Data extracted from a collection:
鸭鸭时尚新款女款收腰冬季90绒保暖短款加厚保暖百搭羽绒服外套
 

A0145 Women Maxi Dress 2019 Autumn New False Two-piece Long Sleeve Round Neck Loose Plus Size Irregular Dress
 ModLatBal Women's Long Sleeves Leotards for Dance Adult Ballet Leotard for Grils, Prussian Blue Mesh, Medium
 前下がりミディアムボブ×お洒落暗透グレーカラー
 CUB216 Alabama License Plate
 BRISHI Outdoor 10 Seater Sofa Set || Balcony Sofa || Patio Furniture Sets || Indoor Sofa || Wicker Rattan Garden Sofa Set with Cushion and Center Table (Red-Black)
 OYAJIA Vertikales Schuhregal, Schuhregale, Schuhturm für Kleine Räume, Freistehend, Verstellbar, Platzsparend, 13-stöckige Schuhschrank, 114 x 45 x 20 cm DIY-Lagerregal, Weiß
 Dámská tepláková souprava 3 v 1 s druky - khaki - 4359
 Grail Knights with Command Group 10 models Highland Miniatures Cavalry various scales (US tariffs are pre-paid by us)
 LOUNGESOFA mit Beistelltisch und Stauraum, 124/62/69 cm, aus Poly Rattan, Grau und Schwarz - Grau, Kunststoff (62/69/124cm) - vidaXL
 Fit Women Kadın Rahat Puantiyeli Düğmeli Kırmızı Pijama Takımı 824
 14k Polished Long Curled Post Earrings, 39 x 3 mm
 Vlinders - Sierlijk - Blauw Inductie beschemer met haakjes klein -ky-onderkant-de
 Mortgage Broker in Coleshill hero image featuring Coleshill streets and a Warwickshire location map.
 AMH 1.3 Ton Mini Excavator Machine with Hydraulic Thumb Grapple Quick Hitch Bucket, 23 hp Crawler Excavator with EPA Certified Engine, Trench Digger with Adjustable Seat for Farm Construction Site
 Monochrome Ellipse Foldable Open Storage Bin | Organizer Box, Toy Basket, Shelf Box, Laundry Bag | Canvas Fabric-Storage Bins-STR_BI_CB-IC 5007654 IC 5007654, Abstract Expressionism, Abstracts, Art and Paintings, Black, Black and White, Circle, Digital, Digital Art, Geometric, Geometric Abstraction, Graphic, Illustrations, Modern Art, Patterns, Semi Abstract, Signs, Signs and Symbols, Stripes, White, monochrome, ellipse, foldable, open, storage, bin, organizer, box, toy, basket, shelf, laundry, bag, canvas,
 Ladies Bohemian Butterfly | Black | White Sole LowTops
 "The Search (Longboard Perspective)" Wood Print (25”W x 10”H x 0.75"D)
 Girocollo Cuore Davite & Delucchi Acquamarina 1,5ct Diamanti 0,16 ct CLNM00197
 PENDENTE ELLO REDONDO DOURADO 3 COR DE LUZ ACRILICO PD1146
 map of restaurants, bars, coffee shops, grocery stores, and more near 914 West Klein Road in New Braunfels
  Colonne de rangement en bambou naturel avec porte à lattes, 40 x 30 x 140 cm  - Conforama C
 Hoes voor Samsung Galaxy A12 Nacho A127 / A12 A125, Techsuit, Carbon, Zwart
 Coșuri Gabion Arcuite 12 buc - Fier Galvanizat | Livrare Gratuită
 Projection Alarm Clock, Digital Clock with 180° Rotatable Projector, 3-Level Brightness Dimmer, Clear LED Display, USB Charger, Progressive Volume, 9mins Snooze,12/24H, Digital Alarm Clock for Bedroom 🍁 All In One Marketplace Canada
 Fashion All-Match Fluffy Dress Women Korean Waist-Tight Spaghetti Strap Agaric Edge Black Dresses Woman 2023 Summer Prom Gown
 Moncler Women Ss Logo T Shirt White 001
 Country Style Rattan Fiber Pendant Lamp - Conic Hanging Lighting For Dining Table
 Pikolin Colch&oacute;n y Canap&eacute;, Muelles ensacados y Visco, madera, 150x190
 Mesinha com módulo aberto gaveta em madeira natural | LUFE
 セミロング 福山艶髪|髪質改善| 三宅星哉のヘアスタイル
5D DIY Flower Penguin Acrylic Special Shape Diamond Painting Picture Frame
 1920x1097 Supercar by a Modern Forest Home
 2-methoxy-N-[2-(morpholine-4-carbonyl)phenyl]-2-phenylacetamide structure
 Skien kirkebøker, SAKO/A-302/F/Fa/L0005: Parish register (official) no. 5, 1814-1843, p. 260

**What is expected**
Reproduce every record in full, keeping each one exactly as it reads.

**Solution below**
鸭鸭时尚新款女款收腰冬季90绒保暖短款加厚保暖百搭羽绒服外套
 

A0145 Women Maxi Dress 2019 Autumn New False Two-piece Long Sleeve Round Neck Loose Plus Size Irregular Dress
 ModLatBal Women's Long Sleeves Leotards for Dance Adult Ballet Leotard for Grils, Prussian Blue Mesh, Medium
 前下がりミディアムボブ×お洒落暗透グレーカラー
 CUB216 Alabama License Plate
 BRISHI Outdoor 10 Seater Sofa Set || Balcony Sofa || Patio Furniture Sets || Indoor Sofa || Wicker Rattan Garden Sofa Set with Cushion and Center Table (Red-Black)
 OYAJIA Vertikales Schuhregal, Schuhregale, Schuhturm für Kleine Räume, Freistehend, Verstellbar, Platzsparend, 13-stöckige Schuhschrank, 114 x 45 x 20 cm DIY-Lagerregal, Weiß
 Dámská tepláková souprava 3 v 1 s druky - khaki - 4359
 Grail Knights with Command Group 10 models Highland Miniatures Cavalry various scales (US tariffs are pre-paid by us)
 LOUNGESOFA mit Beistelltisch und Stauraum, 124/62/69 cm, aus Poly Rattan, Grau und Schwarz - Grau, Kunststoff (62/69/124cm) - vidaXL
 Fit Women Kadın Rahat Puantiyeli Düğmeli Kırmızı Pijama Takımı 824
 14k Polished Long Curled Post Earrings, 39 x 3 mm
 Vlinders - Sierlijk - Blauw Inductie beschemer met haakjes klein -ky-onderkant-de
 Mortgage Broker in Coleshill hero image featuring Coleshill streets and a Warwickshire location map.
 AMH 1.3 Ton Mini Excavator Machine with Hydraulic Thumb Grapple Quick Hitch Bucket, 23 hp Crawler Excavator with EPA Certified Engine, Trench Digger with Adjustable Seat for Farm Construction Site
 Monochrome Ellipse Foldable Open Storage Bin | Organizer Box, Toy Basket, Shelf Box, Laundry Bag | Canvas Fabric-Storage Bins-STR_BI_CB-IC 5007654 IC 5007654, Abstract Expressionism, Abstracts, Art and Paintings, Black, Black and White, Circle, Digital, Digital Art, Geometric, Geometric Abstraction, Graphic, Illustrations, Modern Art, Patterns, Semi Abstract, Signs, Signs and Symbols, Stripes, White, monochrome, ellipse, foldable, open, storage, bin, organizer, box, toy, basket, shelf, laundry, bag, canvas,
 Ladies Bohemian Butterfly | Black | White Sole LowTops
 "The Search (Longboard Perspective)" Wood Print (25”W x 10”H x 0.75"D)
 Girocollo Cuore Davite & Delucchi Acquamarina 1,5ct Diamanti 0,16 ct CLNM00197
 PENDENTE ELLO REDONDO DOURADO 3 COR DE LUZ ACRILICO PD1146
 map of restaurants, bars, coffee shops, grocery stores, and more near 914 West Klein Road in New Braunfels
  Colonne de rangement en bambou naturel avec porte à lattes, 40 x 30 x 140 cm  - Conforama C
 Hoes voor Samsung Galaxy A12 Nacho A127 / A12 A125, Techsuit, Carbon, Zwart
 Coșuri Gabion Arcuite 12 buc - Fier Galvanizat | Livrare Gratuită
 Projection Alarm Clock, Digital Clock with 180° Rotatable Projector, 3-Level Brightness Dimmer, Clear LED Display, USB Charger, Progressive Volume, 9mins Snooze,12/24H, Digital Alarm Clock for Bedroom 🍁 All In One Marketplace Canada
 Fashion All-Match Fluffy Dress Women Korean Waist-Tight Spaghetti Strap Agaric Edge Black Dresses Woman 2023 Summer Prom Gown
 Moncler Women Ss Logo T Shirt White 001
 Country Style Rattan Fiber Pendant Lamp - Conic Hanging Lighting For Dining Table
 Pikolin Colch&oacute;n y Canap&eacute;, Muelles ensacados y Visco, madera, 150x190
 Mesinha com módulo aberto gaveta em madeira natural | LUFE
 セミロング 福山艶髪|髪質改善| 三宅星哉のヘアスタイル
5D DIY Flower Penguin Acrylic Special Shape Diamond Painting Picture Frame
 1920x1097 Supercar by a Modern Forest Home
 2-methoxy-N-[2-(morpholine-4-carbonyl)phenyl]-2-phenylacetamide structure
 Skien kirkebøker, SAKO/A-302/F/Fa/L0005: Parish register (official) no. 5, 1814-1843, p. 260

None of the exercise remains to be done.